* _Problem requirements_:
Leave out the pictures and retype everything else in the records below exactly.

* _Dataset extract_:
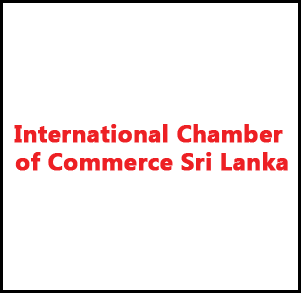 Most Respected Finance Company in Sri Lanka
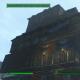 Fallout 4 quests deimantų miestas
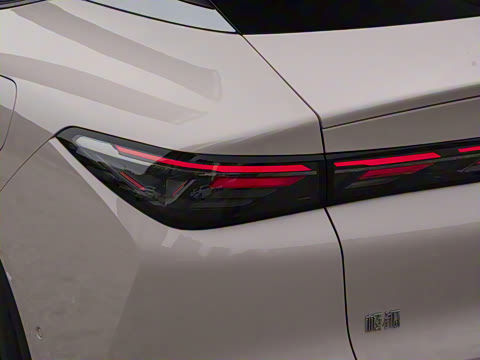 2025�� 708MAX 200kW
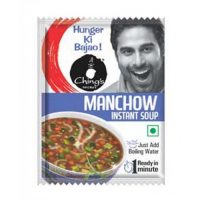 CHINGS MANCHOW SOUP 55G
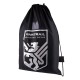 Finntrail Waders Endurobf 5280 Camogrey Gri̇ Kamuflaj Tulum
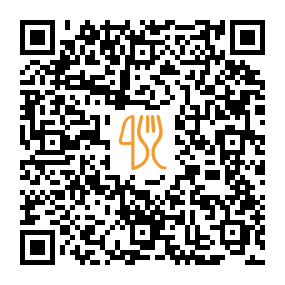 Menu QR de Pudu Malaysian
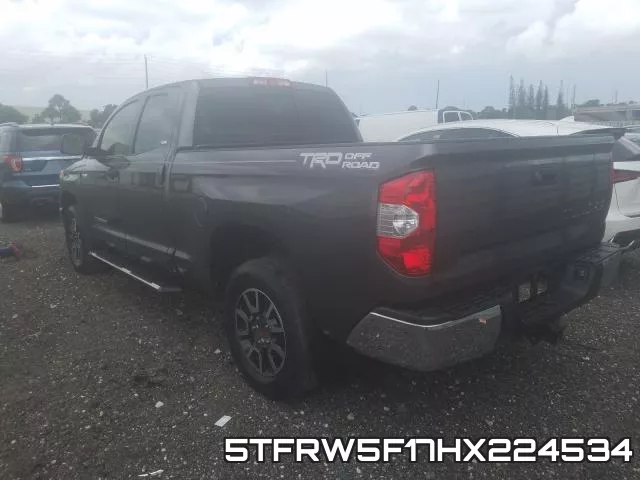 5TFRW5F17HX224534_3.webp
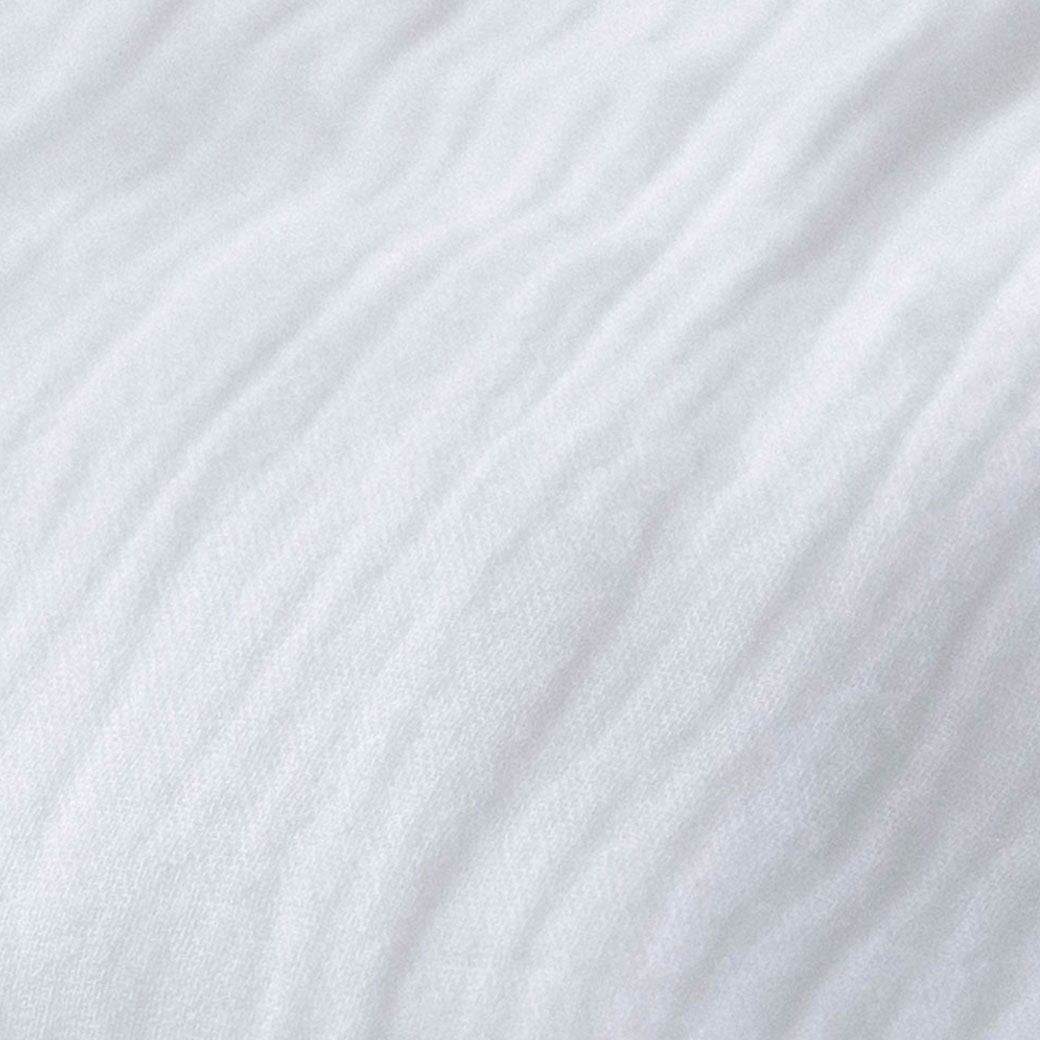 Organic Cotton Mattress Covers for Remi V2 (Set of 2)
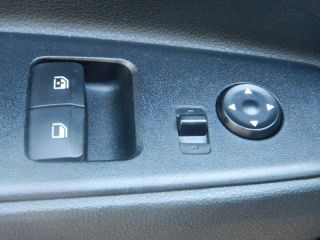 52000 : Hyundai Chaumont - Garage Michel Bazin - HYUNDAI i10 - i10 - Aurora Grey Métal - Traction - Essence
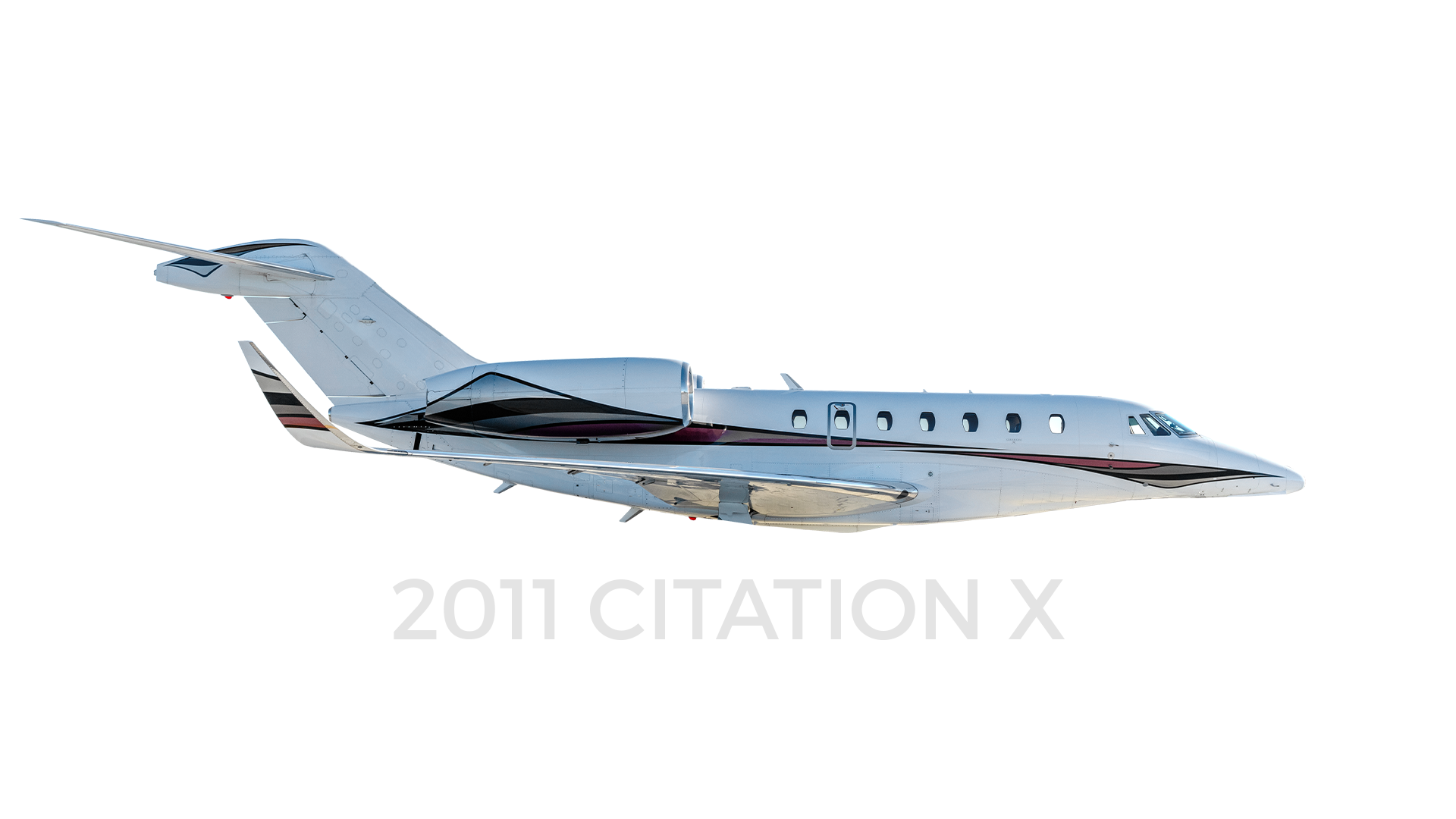 Citation X_webcon.png
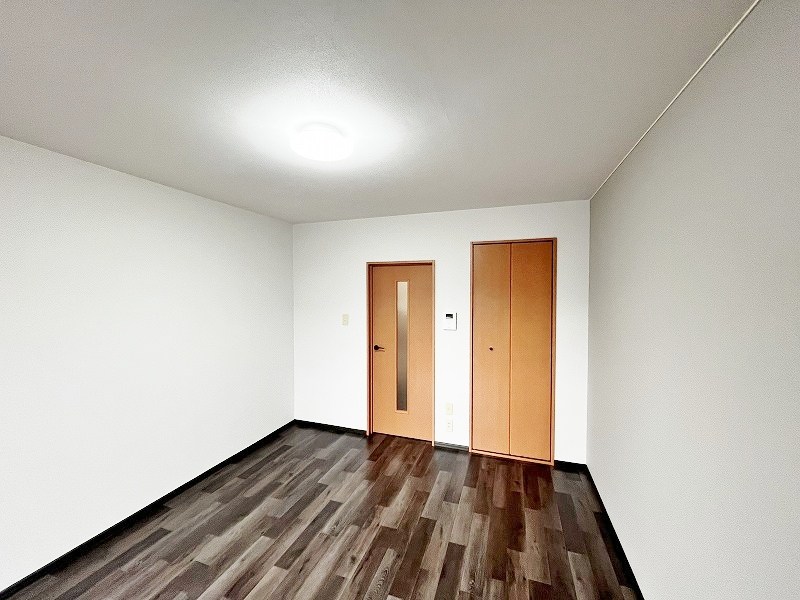 カンパーニュ出屋敷Ⅱ その他20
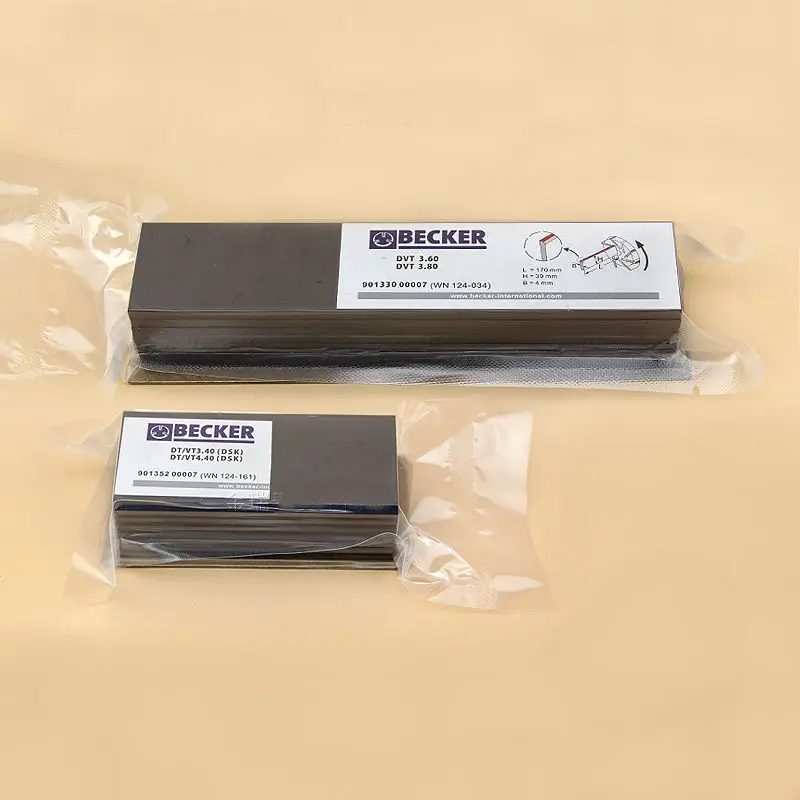 carbon graphite vane (2)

* _Written response_:
 Most Respected Finance Company in Sri Lanka
 Fallout 4 quests deimantų miestas
 2025�� 708MAX 200kW
 CHINGS MANCHOW SOUP 55G
 Finntrail Waders Endurobf 5280 Camogrey Gri̇ Kamuflaj Tulum
 Menu QR de Pudu Malaysian
 5TFRW5F17HX224534_3.webp
 Organic Cotton Mattress Covers for Remi V2 (Set of 2)
 52000 : Hyundai Chaumont - Garage Michel Bazin - HYUNDAI i10 - i10 - Aurora Grey Métal - Traction - Essence
 Citation X_webcon.png
 カンパーニュ出屋敷Ⅱ その他20
 carbon graphite vane (2)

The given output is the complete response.